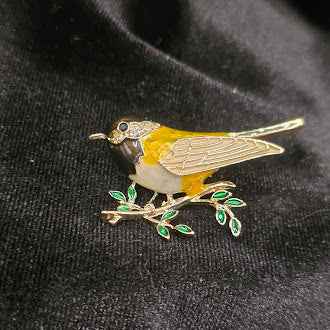 Gold-tone songbird brooch with yellow, white and black enamel on a branch with green leaves, view 4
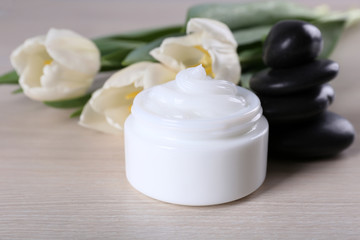Obraz na płótnie Canvas Cosmetic cream with flowers and spa stones on wooden background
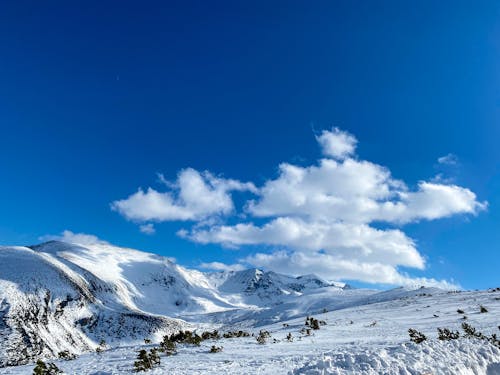 Snow Covered Mountain Under Blue Sky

• • • • •

Instructions for the task: Output the data verbatim, images excluded.

Answer to this problem:
 Gold-tone songbird brooch with yellow, white and black enamel on a branch with green leaves, view 4
Obraz na płótnie Canvas Cosmetic cream with flowers and spa stones on wooden background
 Snow Covered Mountain Under Blue Sky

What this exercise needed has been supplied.